Thus, when Dr. Carone urged patients to protect themselves from residents like me, I felt rather angry. Who is he, a non-physician, someone who clearly has little to no experience with the sharp end of anything, to denounce residents who are desperately trying to learn necessary skills? If everyone actually took his advice, I would be out of a job – and in ten or twenty years, we would all be out of surgeons (and interventional radiologists and cardiologists, and ob/gyns, and urologists, etc).

Second thoughts suggested that perhaps I’m over-rating the number of people who would respond as he did. I think a fair number of my patients have recognized, to some extent, that I am still in training, that I am relatively new at a lot of things, or at least that I’m of lower status than the attending. After all, I do introduce myself carefully as “Dr. Alice, a resident working with Dr. Attending.” All of us are careful in our explanations to defer to the attending, making it clear that he has more experience than us, and that he will have the final say in all matters. Even if the exact hierarchy isn’t clear, the fact that we’re lower in rank is clear, as well as the fact that we’re much younger than the attending. Relatively few of my patients have asked more specific questions like, exactly how many times have you done this, exactly how much of the surgery will you do (or in July, when did you graduate from medical school)? (And in my case, since I look like a college student, even in scrubs and a white coat, I’m sure my lack of experience is written on my face.)

But again, I think Dr. Carone underestimates residents, as well. We are doctors, after all. For what it’s worth, we do have the diploma, and an unbelievable number of tests of all sorts that we’ve already passed. We are under continuous, fairly close, supervision, especially in the OR. On the floors, on the other hand, we are the workhorses. We see patients in the middle of the night in the ER, admit them to the hospital, start the series of tests, give the attending his first sight of the situation by phone, and take care of all the emergencies in the hospital. When a surgery patient starts bleeding out, who do you think shows up first, the resident or the attending? The intern, actually. When someone’s blood pressure drops, who has to take care of it? When someone develops chest pain or tachycardia, who’s on the spot to evaluate them and order urgent medications and tests? Or when your pain is out of control in the middle of the night, who gets woken up to do something about it? Otherwise, we’ll deal with it, and let them know later that we have things under control. If Dr. Carone’s daughter developed bleeding after surgery, and had to be brought back to the ER, I’ll bet anything that since the surgeon used residents, his daughter would have been seen and probably treated in the ER by residents. Only if her bleeding was so severe that it required immediate re-operation would the attending have been called in. Since he has no surgical experience, he may not understand this: dealing with the complications of a surgery requires some pretty intimate understanding of the procedure itself. If he excludes residents from the original surgery, he’s just hurting his daughter if, God forbid, she has a complication.

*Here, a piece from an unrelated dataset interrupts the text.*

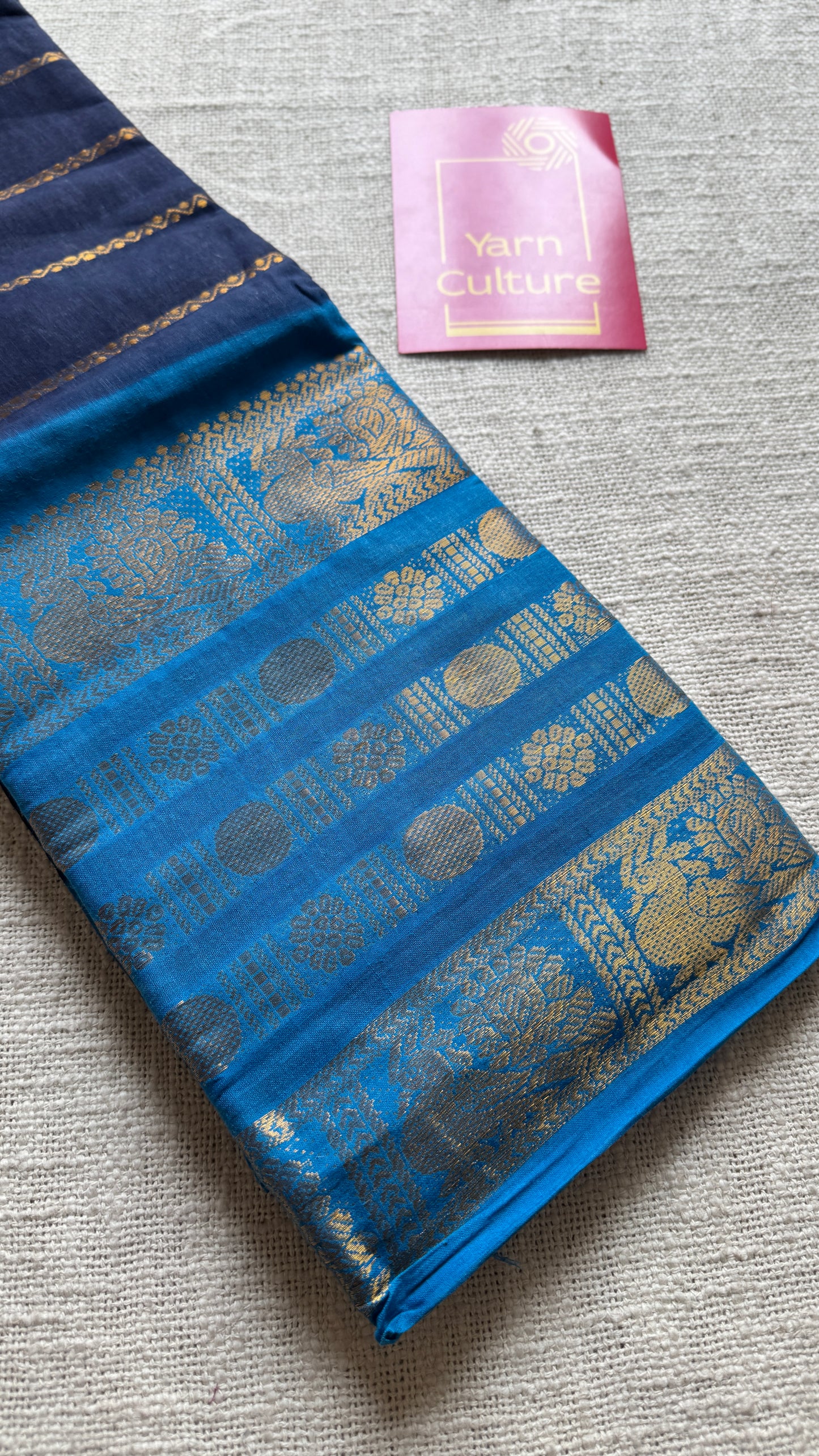 Dark blue and light blue sungudi with peacock motif rettai pettu wide border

To conclude: I resent Dr. Carone’s attempts to deprive me of the chance to learn my trade. On the other hand, I’m challenged by his insistence on truly informed consent. I’m thinking about experimenting with my current census: telling them point-blank that we are all interns and have only been out of medical school for six months, and see whether they object to us participating in their surgeries. I know at least a few will, because just a week ago there was such an episode. On the other hand, I think we’ve built a good enough rapport with most of the patients that they’d be willing to keep working with us.

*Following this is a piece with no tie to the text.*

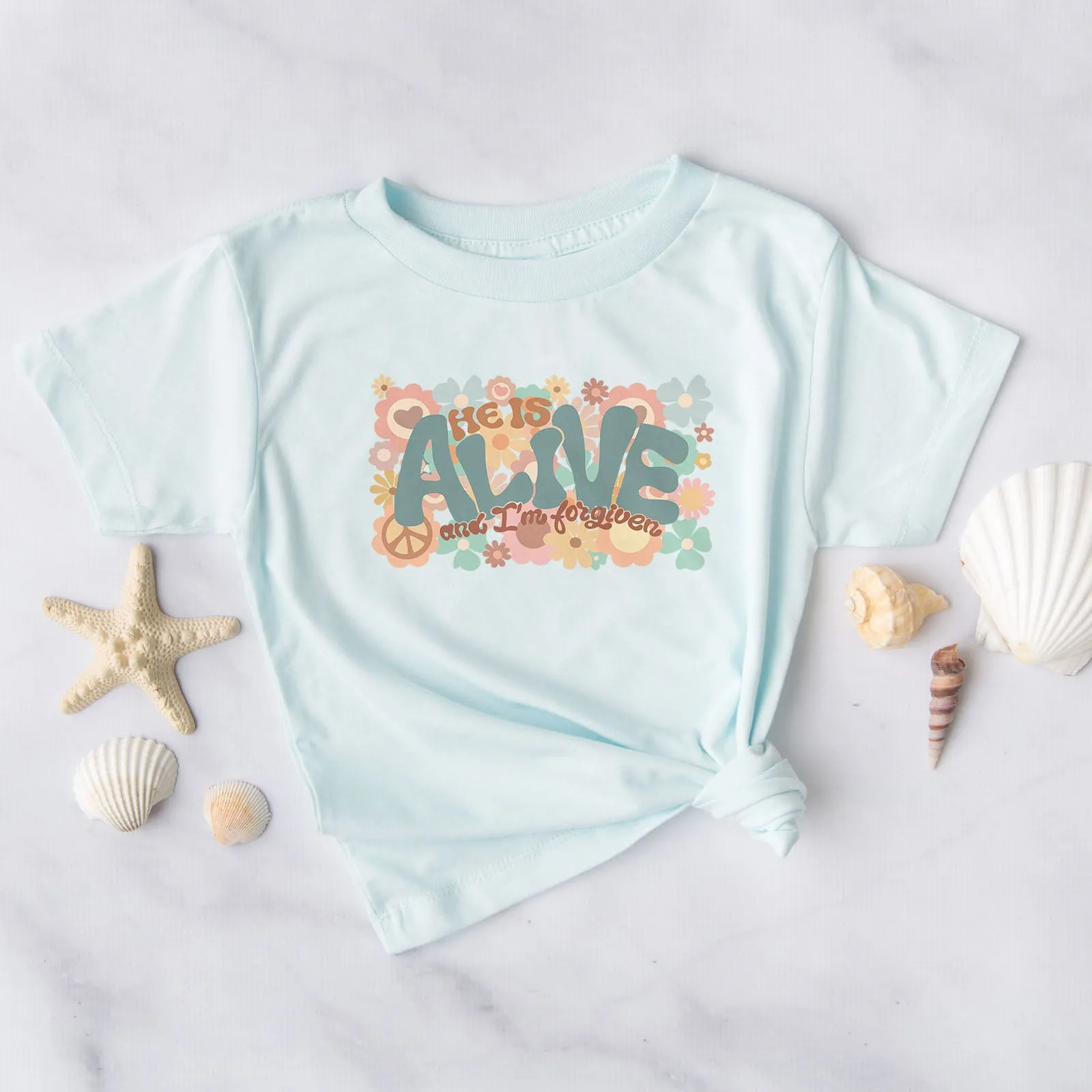 He Is Alive And I'm Forgiven Groovy Tee sold by Faithful and Co.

And after all, practically, what does Dr. Carone really want? Where does he think the surgeon who operated on his daughter got his experience, except by operating on other people’s children? Why should he expect to reap the benefit of the chances those other children took, and never be involved in the process himself? Is he really prepared to decimate the supply of future surgeons, simply so that current patients can feel more secure? If my experiment turns out badly, I will still feel such an overwhelming obligation to my future patients that I will continue to take advantage of current opportunities, without looking the gift horse too closely in the mouth.

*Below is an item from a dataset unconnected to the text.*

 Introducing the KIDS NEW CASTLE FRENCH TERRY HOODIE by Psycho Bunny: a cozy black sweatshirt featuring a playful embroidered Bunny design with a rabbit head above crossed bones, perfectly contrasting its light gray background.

(All this without mentioning that most of us are complete hypocrites on this subject, and would be very reluctant to have surgery by our fellow residents, have our babies delivered by OB residents, or our children seen by pediatrics residents. I think if it came down to it, I might, just because I would feel so guilty if I didn’t. I’m not sure how much of my theoretical reluctance is due to doubts about residents, and how much is due to pure determination never to be a patient myself. At least I’ve put myself down for organ donation on my driver’s license. To refuse that would be just too much hypocrisy for my conscience to handle.)

Brad’s version of the established and respected surgery practice of critiquing your juniors rudely in front of a large audience during stressful moments made for a rather unsettling night. At one point I found myself standing outside a room with two nurses (we having all been found fault with, loudly, me most of all). One of them said, “I’m just going to defuse some anger here before going back to my other patients.” I told her, “Then one of us needs to move away, because this cubic foot of air doesn’t have room for all of our anger.” Six hours later, I can tell myself that the attendings speak to the residents this way all the time, in the middle of the OR, during both elective and emergent cases. Seniors to juniors is quite normal, as well, I suppose. You copy your role models. This is surgery, a side I haven’t had much experience with yet, but it’s probably not too late to start.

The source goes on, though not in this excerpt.